The state Senate's version of legislation to expand gambling in Maryland began to take shape yesterday with a radical rewrite of Gov. Robert L. Ehrlich Jr.'s bill allowing slot machines at four racetracks.
Among the ideas proposed during an all-day work session was scrapping the upfront licensing fees that Ehrlich is counting on to help balance next year's budget.
The move reflects an emerging consensus that it would be better for the state in the long term to give the tracks a lower percentage of the proceeds.
Senators also moved quickly to reject an administration proposal that the tracks be all but exempted from local zoning and land-use regulations as they build facilities for the slot machines.
The committee heard a lengthy presentation yesterday by staff analyst Vicki Gruber outlining proposed changes to an administration bill that has drawn scathing criticism from both supporters and opponents of slots.
The recommendations are not binding on the committee, but staff advice is often very influential with lawmakers -- particularly because it reflects the thinking of legislative leaders.
Among the other moves Gruber suggested:
Scrapping Ehrlich's effort to abolish the current Maryland Racing Commission and replace it with a new panel whose members would all be chosen by the governor. The proposal was severely criticized by horse owners and others who support the current commission's aggressive regulation of the tracks.
Ignoring the administration's proposed amendment exempting from local zoning regulations the giant gambling halls that the tracks plan to build. That idea -- suggested by the Maryland Jockey Club, owner of Pimlico and Laurel -- ran into fierce opposition from lawmakers and county executives.

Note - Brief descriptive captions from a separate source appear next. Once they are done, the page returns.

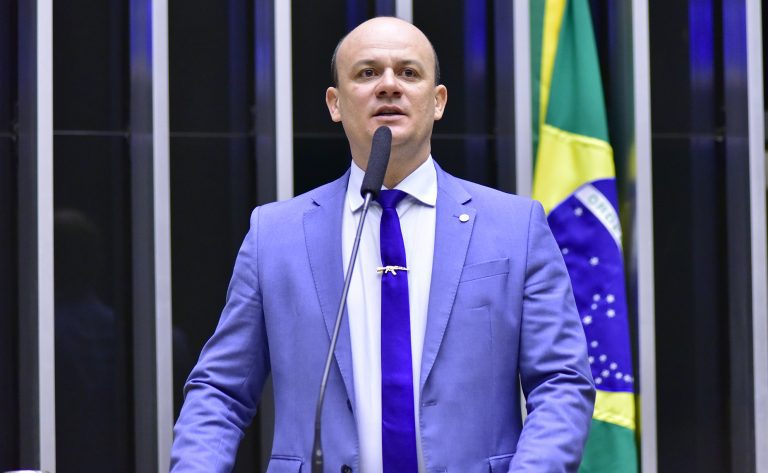 O deputado federal, Cabo Gilberto Silva (PL), reafirma a tese de que Bolsonaro sofre perseguição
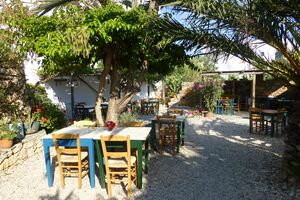 Folegandos Taverne.JPG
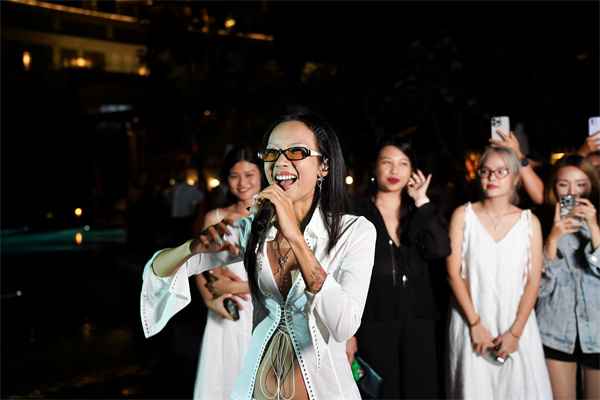 越南嘻哈女王 Suboi 在 NOX 海滩俱乐部盛大开幕派对上以极富魅力的表演燃爆现场.jpg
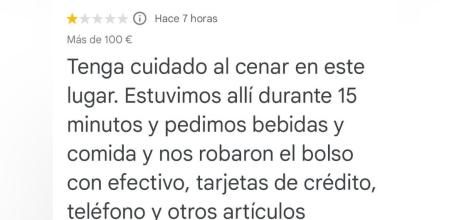 La persona afectada reconoce en su reseña que el local estaba muy concurrido por las fiestas.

Adding a requirement for minority ownership by saying that if the track owners offer any equity to the public, at least 10 percent must be made available to people or companies who qualify as minority businesses under state law.
Adding a variety of consumer protections to lessen the effects of problem gambling. The suggestions included raising the age at which a person can play the slots to 21 -- Ehrlich's bill would have set the age at 18 -- as well as limitations on automated teller machines and withdrawal amounts at the slots parlors, and a prohibition on the cashing of public benefits checks there.
More than tripling what the governor would spend on compulsive gambling to $3.9 million and funding it with a yearly fee on each slot machine -- an idea borrowed from legislation proposed by Del. Howard P. Rawlings and Sen. Ulysses Currie, chairmen, respectively, of the House and Senate budget committees.
Cutting the term of the racetrack's slot machine licenses from 20 years to 15 years. One of the original justifications for the 20-year licenses were the heavy upfront fees proposed in the governor's original bill and scaled back in amendments Ehrlich submitted last week.
The staff did not make recommendations on such sensitive matters as the number of slot machines or how to split up the proceeds.
Those matters are likely to be decided this week in what lawmakers acknowledge will be extensive discussions.
"It's a 60-page bill. It takes a while," said Sen. Patrick J. Hogan, vice chairman of the Senate Budget and Taxation Committee.
The governor's plan would permit 3,500 slot machines at each of three Central Maryland racetracks -- Pimlico, Laurel and Rosecroft -- and 1,000 at a track to be built in Allegany County.
Ehrlich initially proposed upfront fees of $150 million each at the three larger tracks -- using the $450 million to help plug a gap in next year's budget. This month, the governor cut back the licensing fees to $40 million each.
The apparent Senate decision to scrap upfront fees would eliminate the linkage between the slots bill and next year's budget.
The move could cost Ehrlich what little leverage he had in dealing with the House of Delegates, which last week passed a bill supported by Speaker Michael E. Busch calling for a study of the ramifications of allowing slots.